▼

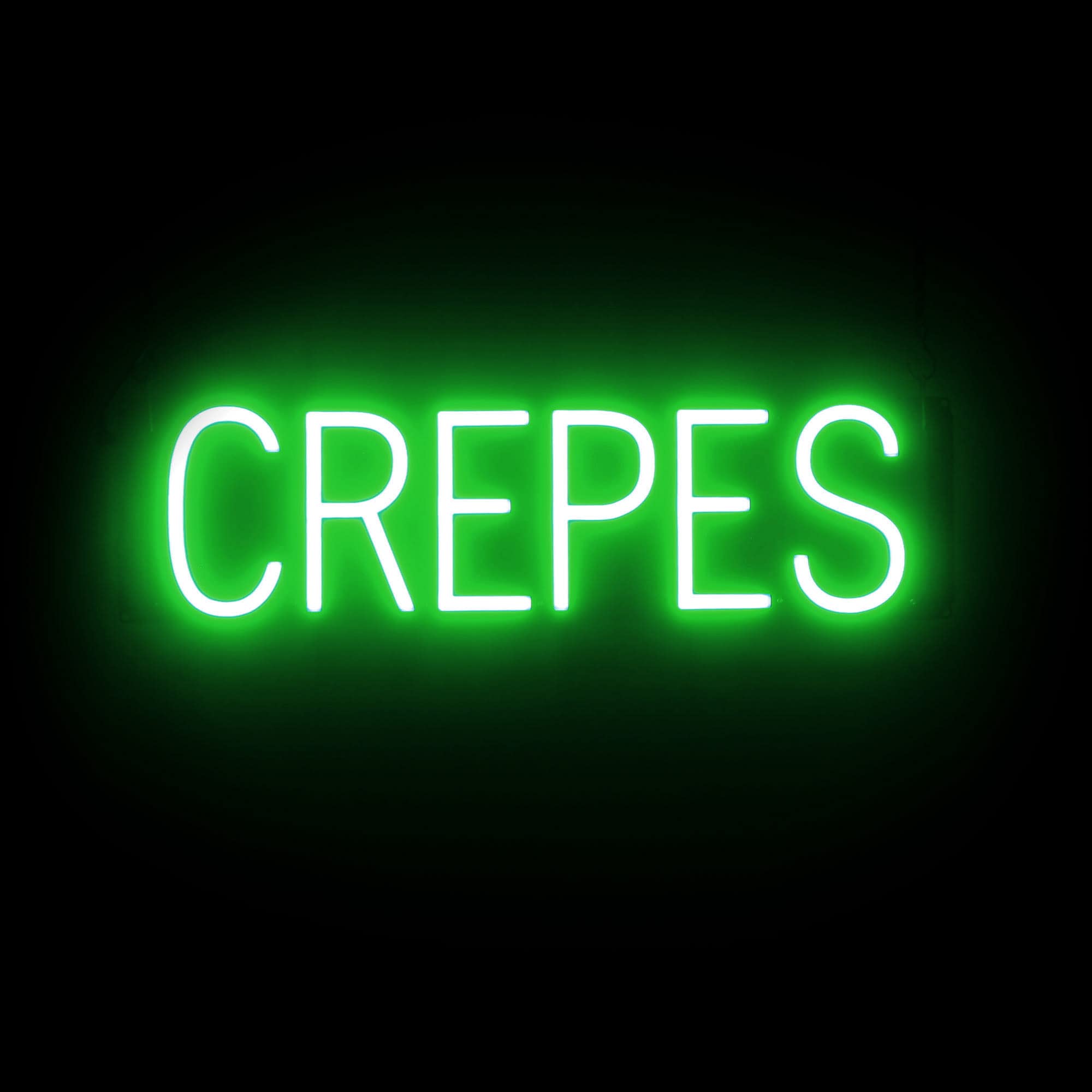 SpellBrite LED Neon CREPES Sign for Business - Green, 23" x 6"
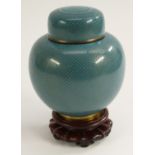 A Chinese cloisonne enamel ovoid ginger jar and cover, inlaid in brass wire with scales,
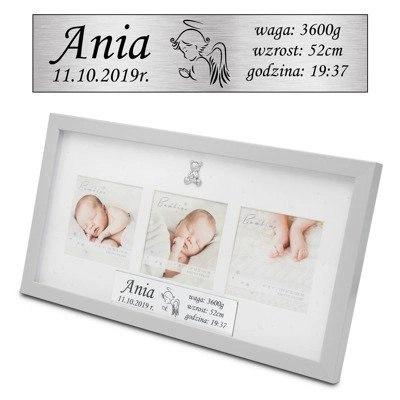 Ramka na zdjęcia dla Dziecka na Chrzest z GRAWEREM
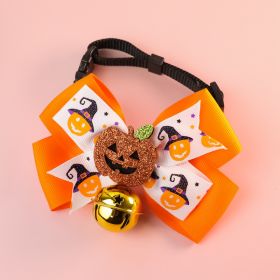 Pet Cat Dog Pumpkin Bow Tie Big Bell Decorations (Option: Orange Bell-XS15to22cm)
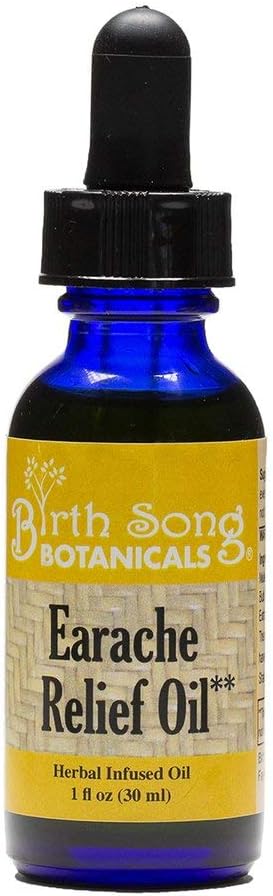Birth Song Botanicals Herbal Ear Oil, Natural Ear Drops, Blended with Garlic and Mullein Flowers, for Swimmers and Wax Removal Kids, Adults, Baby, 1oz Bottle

▲

Problem description: Since only the text is needed, retype the data above exactly and omit the pictures.

Written answer:
 SpellBrite LED Neon CREPES Sign for Business - Green, 23" x 6"
 A Chinese cloisonne enamel ovoid ginger jar and cover, inlaid in brass wire with scales,
 Ramka na zdjęcia dla Dziecka na Chrzest z GRAWEREM
 Pet Cat Dog Pumpkin Bow Tie Big Bell Decorations (Option: Orange Bell-XS15to22cm)
Birth Song Botanicals Herbal Ear Oil, Natural Ear Drops, Blended with Garlic and Mullein Flowers, for Swimmers and Wax Removal Kids, Adults, Baby, 1oz Bottle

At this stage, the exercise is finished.